Der, letzte Woche erschienene, Marketing Technology Report zeichnet ein düsteres Bild von Marketing-Deutschland, zumindest, wenn man die technologische Seite betrachtet. Drei Viertel der über 1.000 befragten Marketer, CMOs oder Geschäftsführer erkennen zwar, dass sie auf Dauer vermutlich ein Technologieproblem haben werden. Nur 30 Prozent sagen aber, dass sie heute schon aktiv dagegen anarbeiten und Digitalkompetenzen aufrüsten. Fast zwei Drittel (63 Prozent) fühlen sich dem Thema Daten „nicht gewachsen“ oder „eher nicht gewachsen“. Der Bericht spricht von spürbar chaotischen Zuständen.

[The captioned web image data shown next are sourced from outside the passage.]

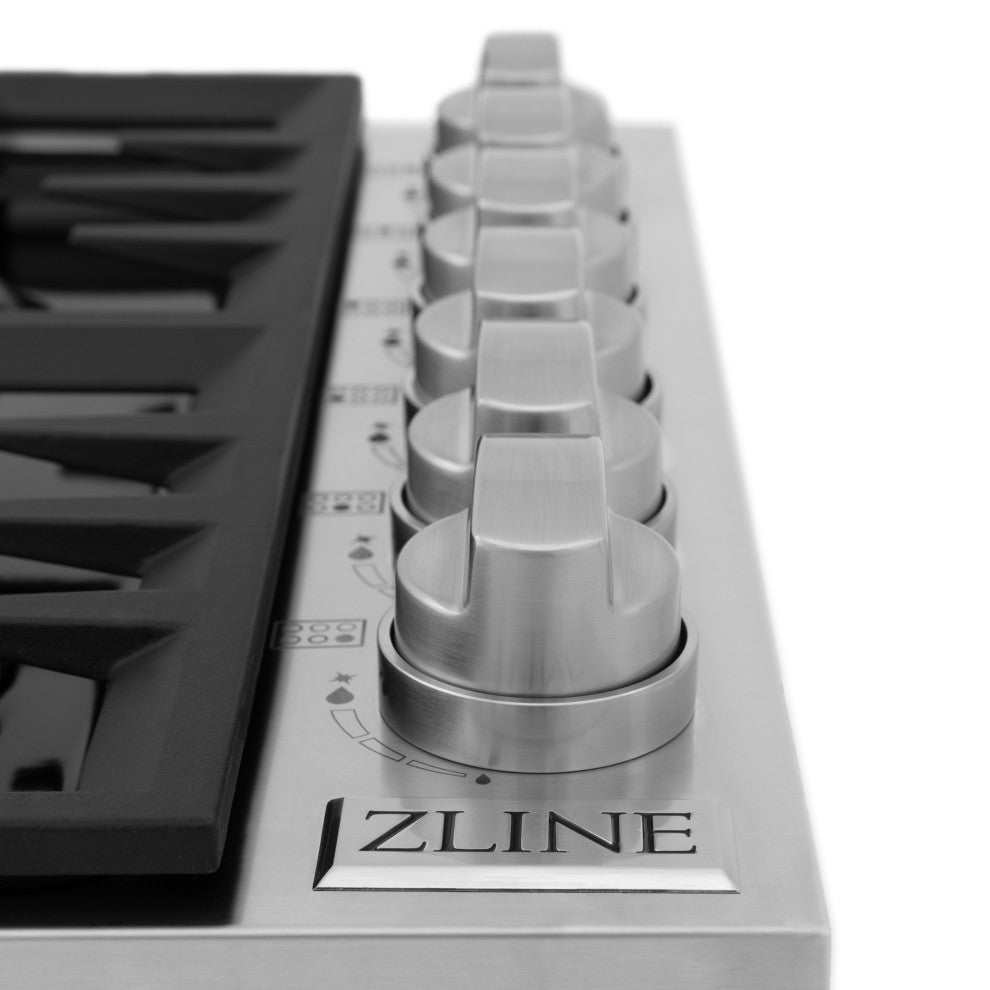ZLINE 36" Dropin Gas Stovetop with 6 Gas Burners and Black Porcelain Top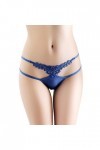 Sexy Lace Briefs Bragas Thong Pantalon Mot Femmes sous-vêtements Culottes Dames Thong Fond De Teint Lingerie De Peau Blue, O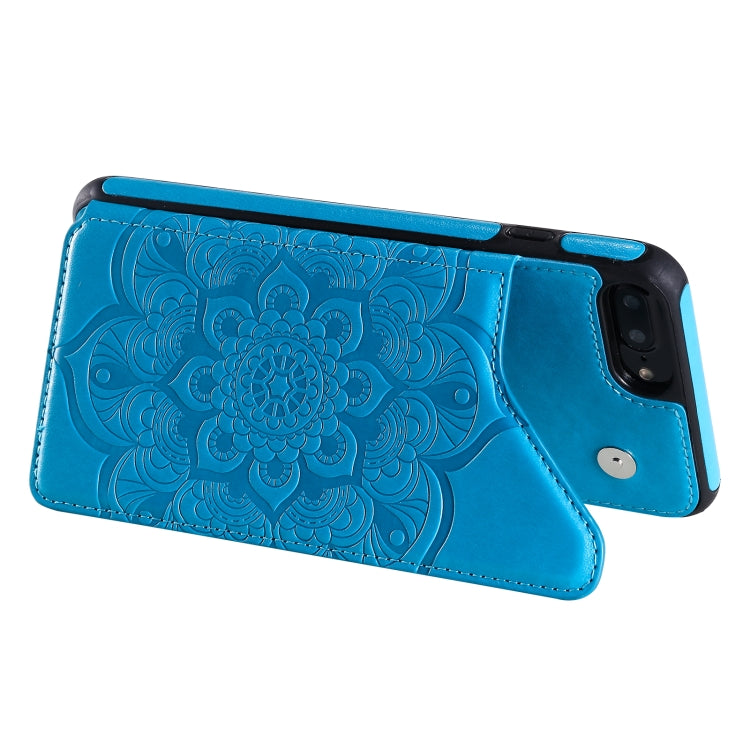 Flower Embossing Pattern Shockproof Protective Case with Holder & Card Slots & Photo Frame For iPhone 8 Plus / 7 Plus(Blue) - More iPhone Cases by buy2fix | Online Shopping UK | buy2fix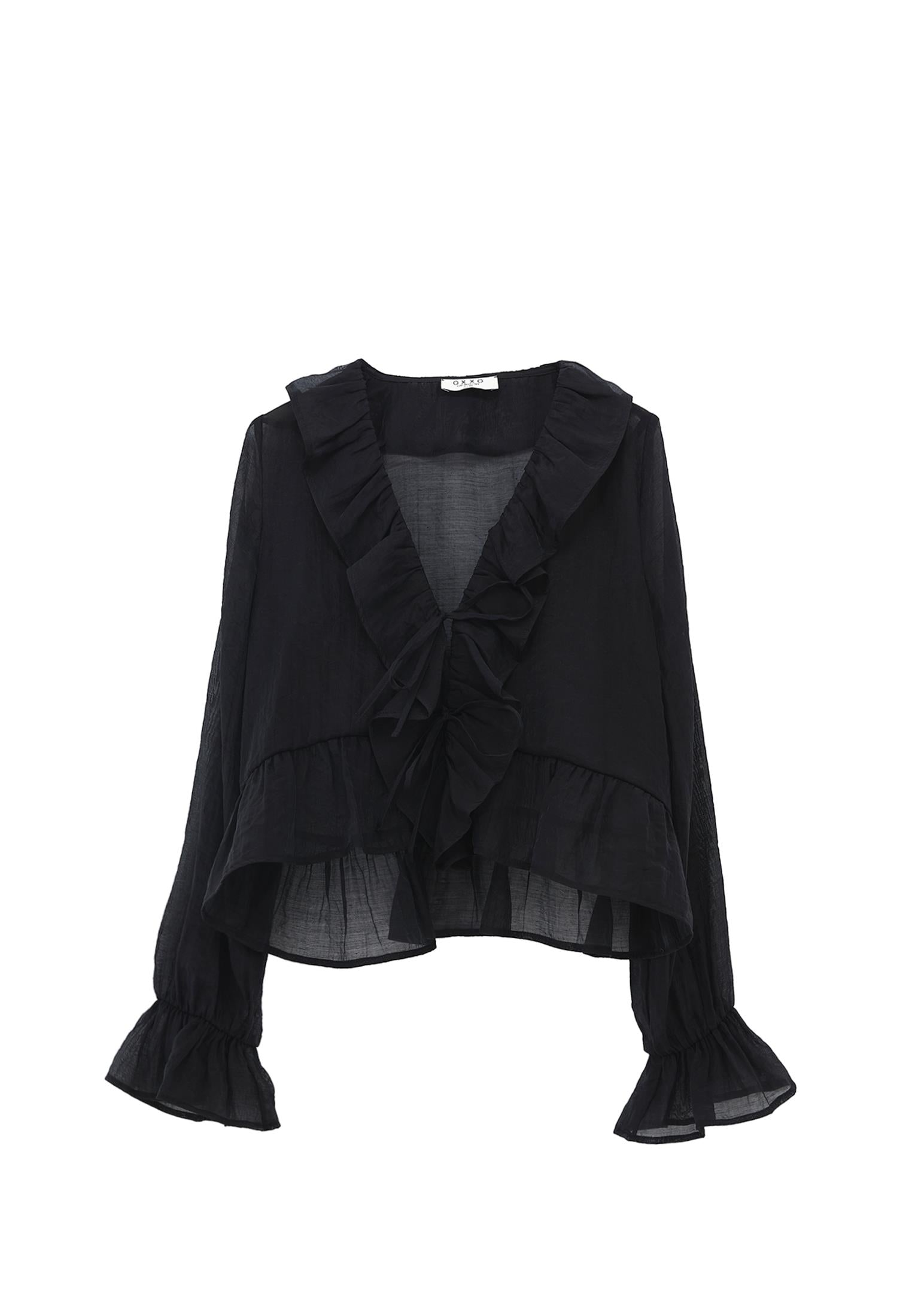 Long Sleeved Ruffled Blouse - BLACK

Davon konnte im Adzine-Webinar “Programmatic-Strategien für die Cookiekalypse” keine Rede sein. Zugegeben, wer eine Einladung in dieses Format annimmt, gehört vermutlich eher zur Speerspitze der Marketinglandschaft in Sachen Daten. Repräsentativ für den deutschen Markt war die Zusammensatzung aus Montblanc, EnBW und Vodafone sicher nicht. Allerdings haben alle drei Verantwortlichen einen sehr unterschiedlichen Blick auf die Lage und auf die daraus abzuleitenden Herausforderungen. Das hat mit der Ausgangssituation und der Zielgruppe zu tun, aber eben auch mit einer schier endlosen Vielfalt an Möglichkeiten, wie man die Werbeausspielung für die nächsten Jahre neu ausrichtet.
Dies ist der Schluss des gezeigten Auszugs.